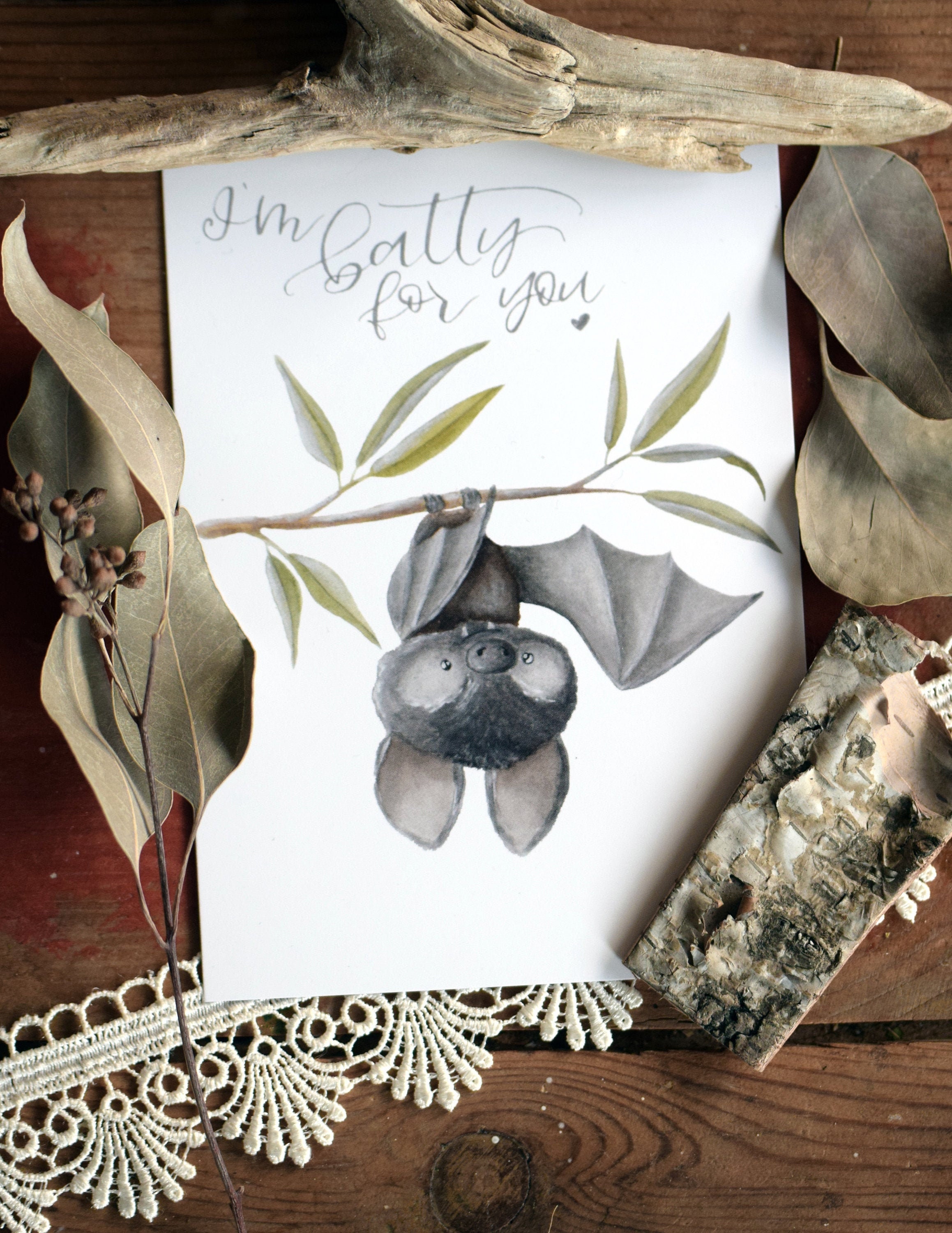 I'm batty for you - art print bat Halloween Valentine's Day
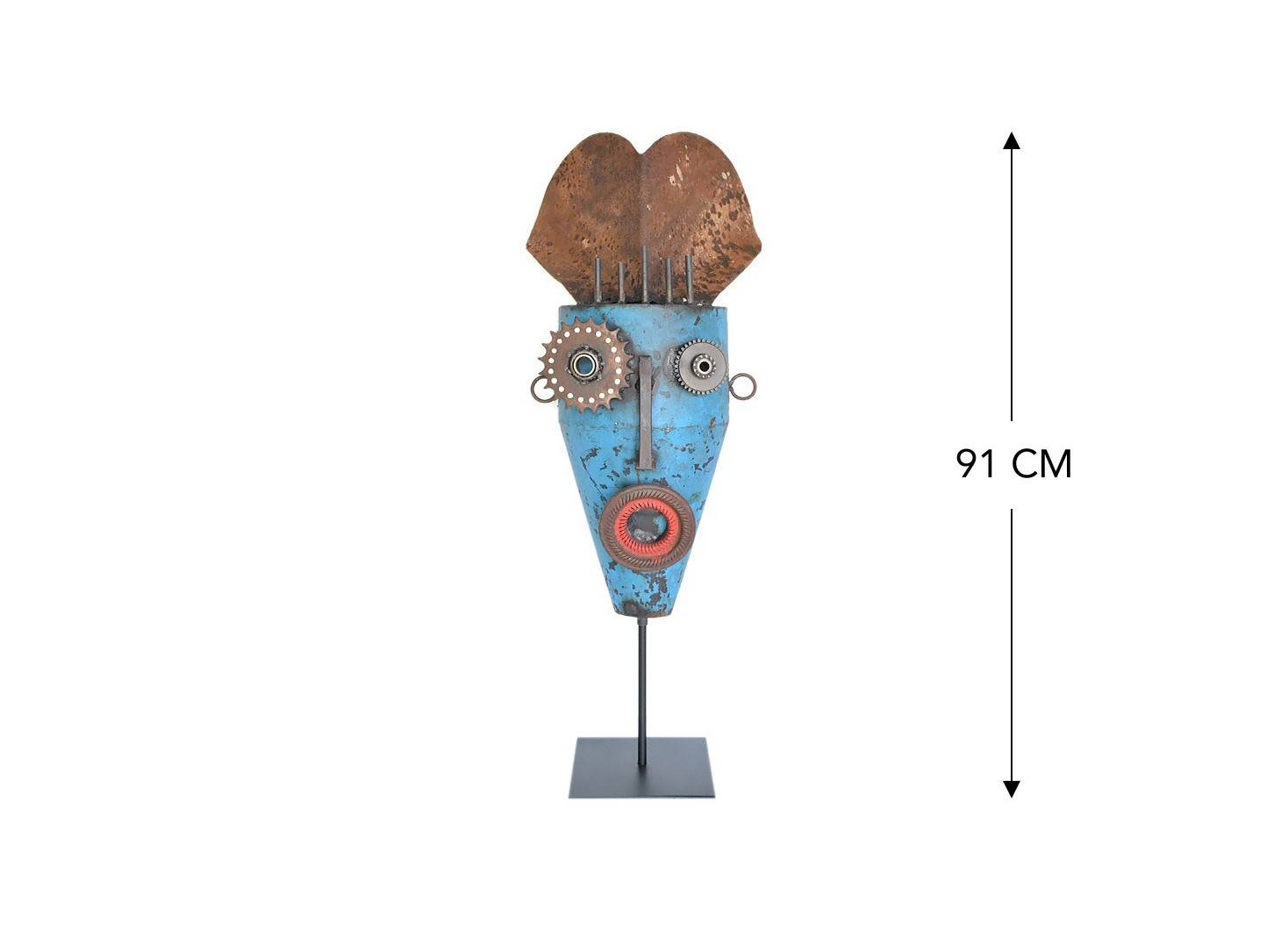 Masque décoratif en métal recyclé - L1
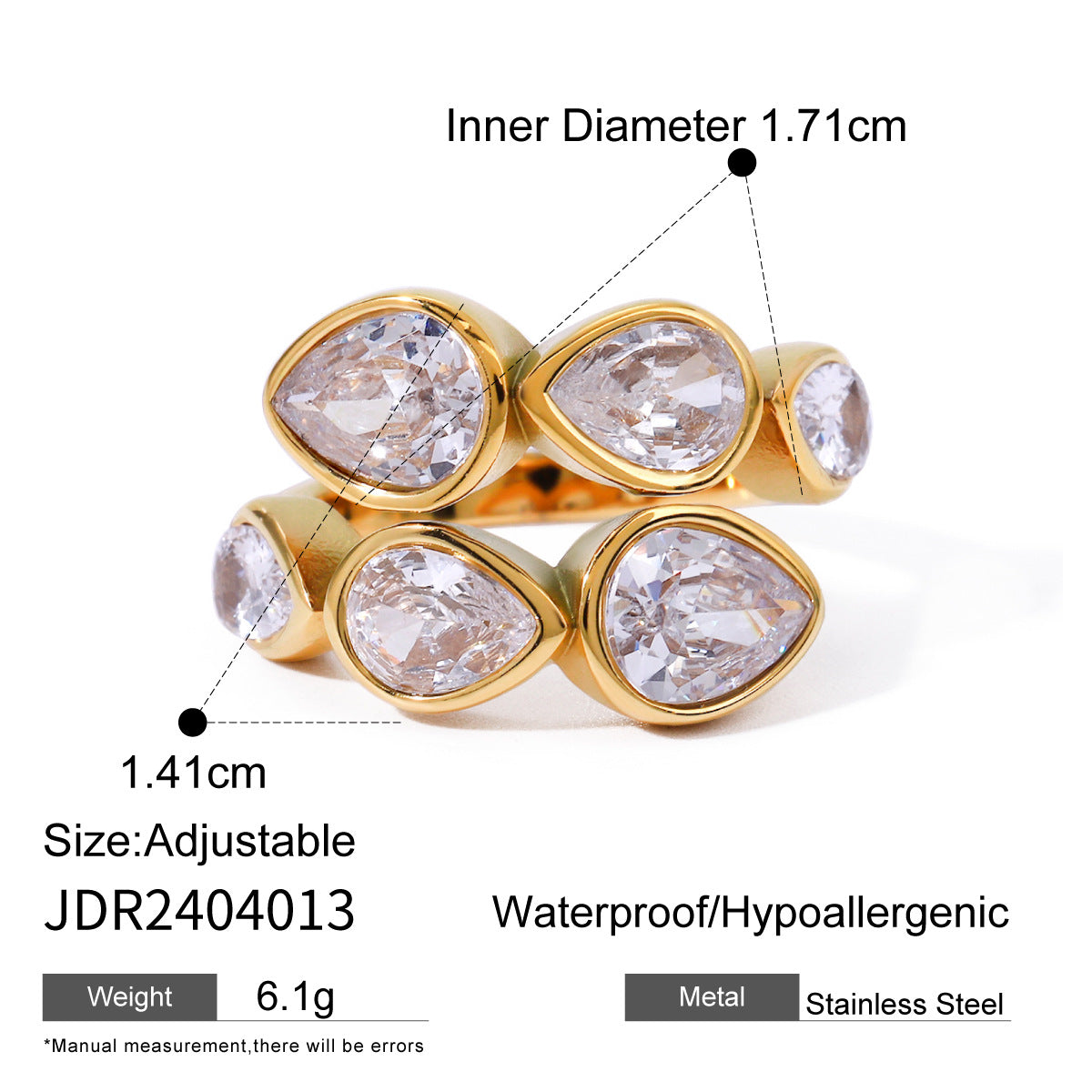 Popular Gold Stainless Round Open-end Zircon Rings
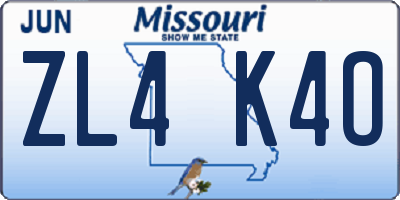MO license plate ZL4K4O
□ □ □ □ □
* What to do *
Copy only the lines running from the one that holds "Masque décoratif en métal recyclé - L1" through the last line of the data, and include both of those lines. Do not copy any pictures.

* Solved exercise *
 Masque décoratif en métal recyclé - L1
 Popular Gold Stainless Round Open-end Zircon Rings
MO license plate ZL4K4O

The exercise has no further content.